A nota destoante fica por conta do Paraguai: país de economia predominantemente agrícola, onde a reforma engatinha há mais de 40 anos diante de uma fila de 350 mil pessoas sem acesso à terra (SILVA, 2008).

Em pleno século XXI, na era da globalização e da tecnologia da informação, o Congresso paraguaio estuda a sanção de um novo Estatuto Agrário que permitirá a expropriação e a distribuição de terras para os camponeses sob a base do modelo da reforma agrária da Revolução Mexicana de 1917, modelo socialista que os Estados Unidos promoveram nos anos 1950, para reduzir o avanço dos comunistas na América Latina.

No Paraguai, desde 1963, a reforma agrária repartiu 10 milhões de hectares, mais da metade de todas as terras agrícolas do país. Porém, a pobreza rural imperou. Numerosas famílias reclamam hoje em dia um pedaço de terra, apesar de milhares de lotes adjudicados terem sido abandonados.

Uma análise do índice de Gini, que mede a desigualdade entre os proprietários mais ricos e os mais pobres, indica que as terras “não aproveitadas racionalmente”, como pretende o novo projeto de Estatuto Agrário, poderá baixar o índice de Gini8 e reduzir a desigualdade, entretanto não melhorará a produtividade nem os ingressos (AYALA, 2008, p. 1).

8 Índice de Gini varia de zero a um. O valor “zero” representa uma situação hipotética em

que todas têm a mesma quantidade de terra, enquanto que o valor “um” significa que todas as terras estão concentradas nas mãos de um só proprietário. Dessa forma, quanto mais próximo de “um” estiver o índice, maior será a concentração de terras. ARAUJO, Flávia Camargo de. Reforma agrária e gestão ambiental: encontro e desencontro. (Dissertação de mestrado) Programa de Pós-Graduação em Política e Gestão Ambiental, Universidade de Brasília, Brasília-DF, 2006.
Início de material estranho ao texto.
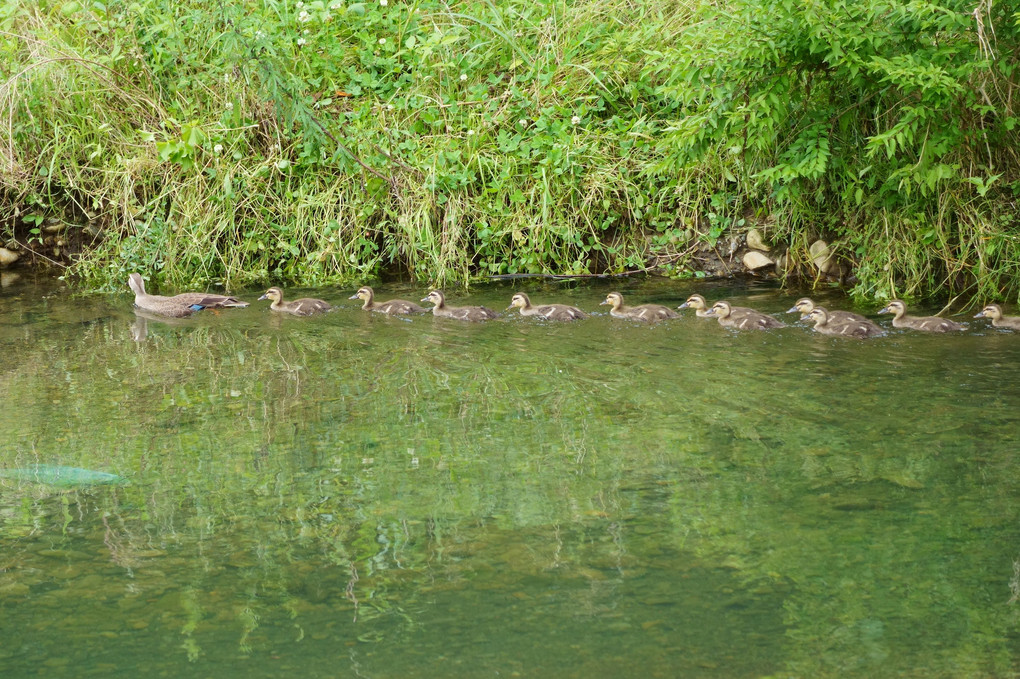 カルガモ親子の移動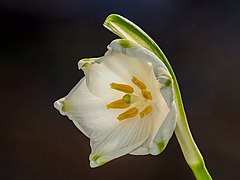Frühlings-Knotenblume (Leucojum vernum) (SDG 15)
Na Argentina, assim como em outros paises da América Latina, não tem problema mais urgente nem mais importante a resolver que a fome, a pobreza e a marginalidade de milhões de pessoas. As terras, os recursos naturais e as possibilidades de desenvolvimento e trabalho que eles oferecem são ferramentas para dar uma resposta a estes problemas. Jovens e idosos reuniram-se na Universidade Nacional de La Plata (UNLP) a fim de reconsiderar uma reforma agrária no cenário atual. Os manifestantes promoveram um debate profundo sobre o direito a terra e à reforma agrária para a realização de um Congresso Nacional pela Reforma Agrária que determinasse uma política pública orientada a acabar com a fome e a pobreza (GLENZA, 2008).